I can see how this might look from the outside.
She was the one on the outside, but she couldn’t think about that now.
Her cheeks were damp. Rain and tears mingled. She wished Izzy could have heard that speech. She needed to hear that speech. “You’re not screwing up, Jack. And when it comes to families, I’m a total beginner but I don’t think it’s about being perfect. It’s not about always getting it right. It’s about trying your hardest, and caring—” her voice broke “—and you do all that. You do that. The most important thing is that the kids know you love them.”
“I don’t know why Izzy would raise it with you now, but it isn’t an issue.”
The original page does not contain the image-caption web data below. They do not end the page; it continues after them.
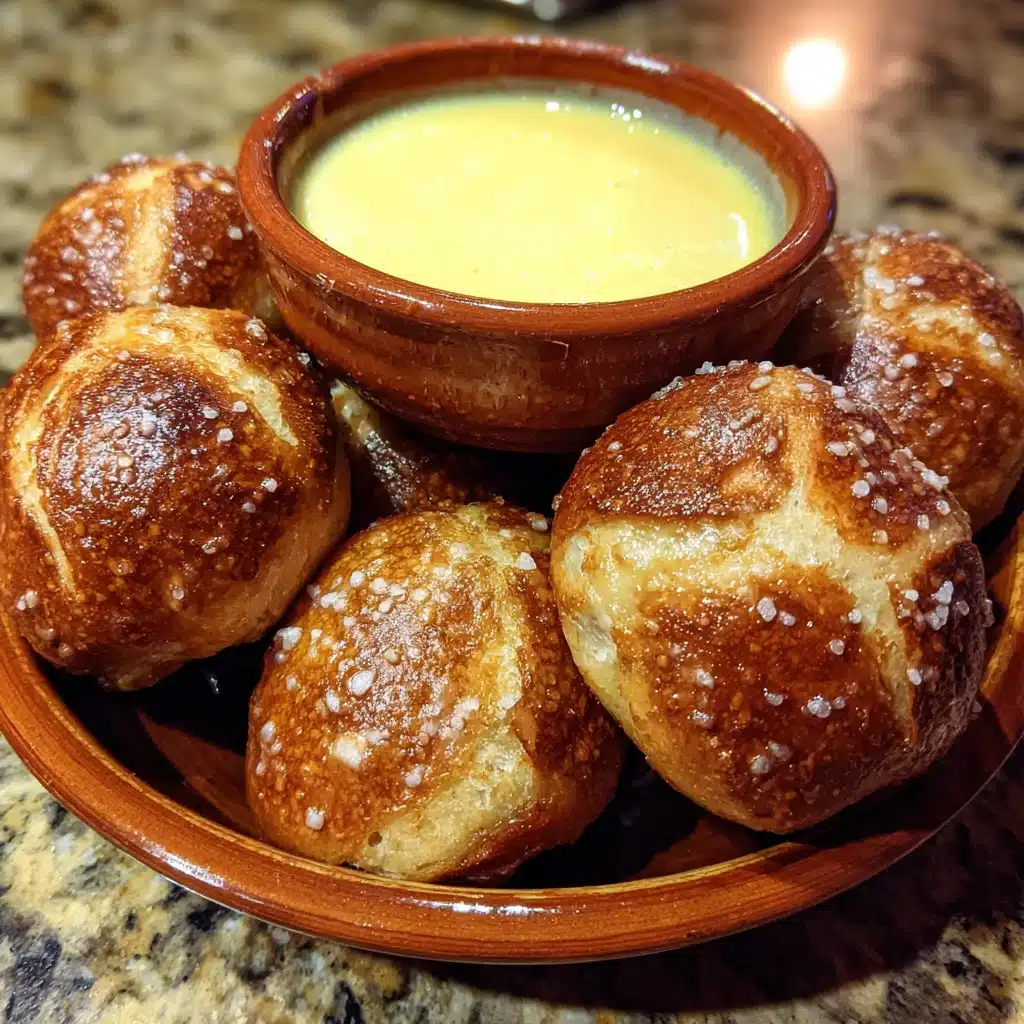 Soft Pretzel Bites with Cheese Sauce 9 Soft Pretzel Bites with Cheese Sauce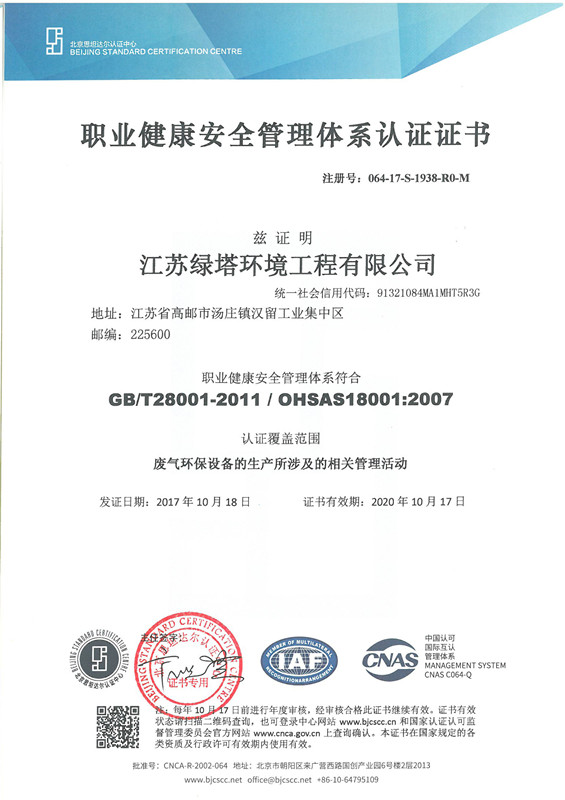 职业健康安全管理体系认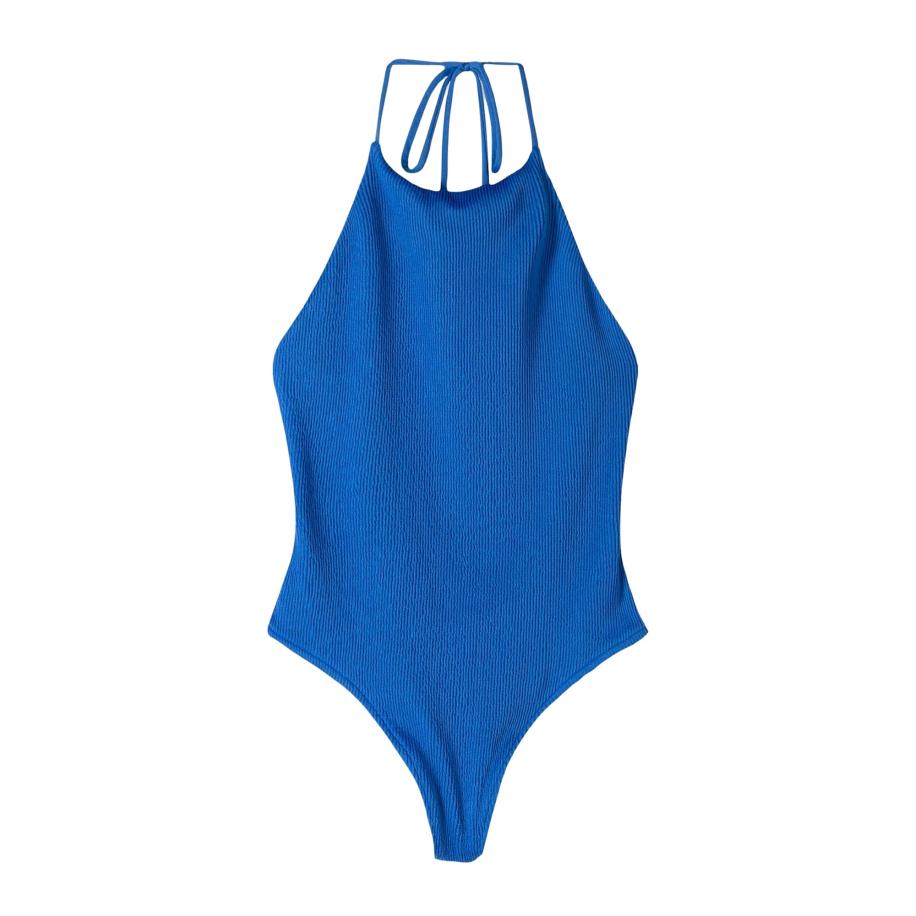 Bershka Bershka Shirt body royal blue/koningsblauw -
“It is a huge issue to her.” The rain was falling harder now, sliding through the thick canopy of leaves. “She’s feeling desperately vulnerable and insecure.”
“She lost her mother.”
“And that has made her insecure about her place in the family. She’s scared.” She didn’t want to add to the pressure he was already feeling, but how could she not speak up about this? “I believe that you don’t think about it. And maybe it doesn’t matter to you, but it matters to Izzy. And it matters to me! If I’d known sooner, it might have helped me understand her.”
“There’s nothing to understand. She’s mine. That’s the end of it. There was no reason for her to ever tell you.”
The words were a slap. “So you’re saying that you would never would have told me? If Izzy hadn’t mentioned it, I would never have found out? Oh Jack—” Her whole chest ached. Her throat ached with the emotion she was holding back. How could they ever be a family? She’d been kidding herself. She wanted to curl up in a ball and sob, but she couldn’t do that because there was Izzy to think of, and Jack still wasn’t hearing her. “Forget it. Right now you need to focus on Izzy. She needs to be able to talk to you, Jack.”